Page MenuHomePhabricator

Support per-db-shard concurrency in ChangeProp
Closed, ResolvedPublic

Description

The parent task is about spiky connections to MySQL and the current theory is that the reason for that is the fact that ChangeProp only supports global concurrency limits, so when a big batch of jobs for a wiki from a particular shard comes, all the global concurrency is allocated to this particular DB shard and for a single shard it's too much - thus the 'smoothing' that concurrency limiting provides globally doesn't help on the database level.
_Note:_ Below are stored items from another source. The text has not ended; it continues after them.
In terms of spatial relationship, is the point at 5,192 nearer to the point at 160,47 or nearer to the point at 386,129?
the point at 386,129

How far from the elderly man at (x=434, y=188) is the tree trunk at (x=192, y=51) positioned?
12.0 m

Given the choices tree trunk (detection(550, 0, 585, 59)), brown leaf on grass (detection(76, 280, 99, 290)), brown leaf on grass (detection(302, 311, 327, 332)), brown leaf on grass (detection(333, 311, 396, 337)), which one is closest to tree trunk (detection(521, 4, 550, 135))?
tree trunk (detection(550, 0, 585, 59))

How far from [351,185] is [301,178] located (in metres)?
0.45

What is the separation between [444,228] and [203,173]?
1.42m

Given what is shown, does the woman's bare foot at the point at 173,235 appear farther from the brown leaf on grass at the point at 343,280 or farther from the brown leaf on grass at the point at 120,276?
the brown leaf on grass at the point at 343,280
In order to fix that, we need per-db-shard concurrency. In order to do that, we probably need to partition the topics where we need it by db shard, thus we need to solve T157822 first.

Other issues is that we need to create a custom partitioner that will be aware of the mediawiki-config dbname-shard naming, preferably without copy-pasting the shards mapping into the Event-Platform repo.

Last, ChangeProp should support per-partition concurrencies and (since partition names are just numbers in kafka) we need to integrate the db-partition mapper into change-prop as well somehow.

Details

Related Gerrit Patches:
mediawiki/services/change-propagation/jobqueue-deploy : masterMake a special rule for refreshLinks partitioned execution.

Event Timeline

Pchelolo triaged this task as High priority.Mar 14 2018, 8:31 PM
Pchelolo created this task.
Restricted Application added a subscriber: Aklapper. · View Herald TranscriptMar 14 2018, 8:31 PM
Ottomata moved this task from Incoming to Blocked on the Analytics board.Mar 15 2018, 4:27 PM
Ottomata moved this task from Blocked to Radar on the Analytics board.

Change 420841 had a related patch set uploaded (by Ppchelko; owner: Ppchelko):
[mediawiki/services/change-propagation/jobqueue-deploy@master] Make a special rule for refreshLinks partitioned execution.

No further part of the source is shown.